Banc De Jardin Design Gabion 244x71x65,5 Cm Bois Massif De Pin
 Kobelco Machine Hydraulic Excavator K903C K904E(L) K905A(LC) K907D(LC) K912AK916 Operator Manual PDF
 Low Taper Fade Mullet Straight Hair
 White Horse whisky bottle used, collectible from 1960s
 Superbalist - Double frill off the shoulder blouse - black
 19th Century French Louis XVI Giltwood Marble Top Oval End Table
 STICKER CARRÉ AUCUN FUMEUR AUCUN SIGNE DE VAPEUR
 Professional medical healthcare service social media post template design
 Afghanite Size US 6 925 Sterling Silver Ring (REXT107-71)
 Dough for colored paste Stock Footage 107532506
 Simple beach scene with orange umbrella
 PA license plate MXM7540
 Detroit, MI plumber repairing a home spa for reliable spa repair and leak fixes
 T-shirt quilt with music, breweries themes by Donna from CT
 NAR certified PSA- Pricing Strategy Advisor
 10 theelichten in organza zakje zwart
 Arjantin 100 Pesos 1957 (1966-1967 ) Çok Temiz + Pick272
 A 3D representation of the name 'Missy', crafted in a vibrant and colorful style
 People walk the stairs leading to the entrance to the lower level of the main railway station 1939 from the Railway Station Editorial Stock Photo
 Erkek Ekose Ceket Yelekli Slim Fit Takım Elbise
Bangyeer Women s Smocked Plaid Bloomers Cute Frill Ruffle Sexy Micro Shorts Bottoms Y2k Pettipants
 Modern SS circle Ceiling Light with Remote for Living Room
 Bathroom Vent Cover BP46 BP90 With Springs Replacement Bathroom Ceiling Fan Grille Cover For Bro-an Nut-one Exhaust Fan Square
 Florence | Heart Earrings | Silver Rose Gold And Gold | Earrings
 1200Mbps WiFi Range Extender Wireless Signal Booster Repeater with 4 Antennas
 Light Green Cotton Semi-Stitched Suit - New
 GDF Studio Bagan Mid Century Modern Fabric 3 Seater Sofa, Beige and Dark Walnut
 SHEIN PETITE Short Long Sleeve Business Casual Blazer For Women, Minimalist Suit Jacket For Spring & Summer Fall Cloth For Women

===============

| Assignment |
The stretch of entries above that starts with the line containing "Modern SS circle" and goes on through the line containing "GDF Studio Bagan" is to be transcribed exactly, and no other line is to be transcribed.

| Output of the task |
 Modern SS circle Ceiling Light with Remote for Living Room
 Bathroom Vent Cover BP46 BP90 With Springs Replacement Bathroom Ceiling Fan Grille Cover For Bro-an Nut-one Exhaust Fan Square
 Florence | Heart Earrings | Silver Rose Gold And Gold | Earrings
 1200Mbps WiFi Range Extender Wireless Signal Booster Repeater with 4 Antennas
 Light Green Cotton Semi-Stitched Suit - New
 GDF Studio Bagan Mid Century Modern Fabric 3 Seater Sofa, Beige and Dark Walnut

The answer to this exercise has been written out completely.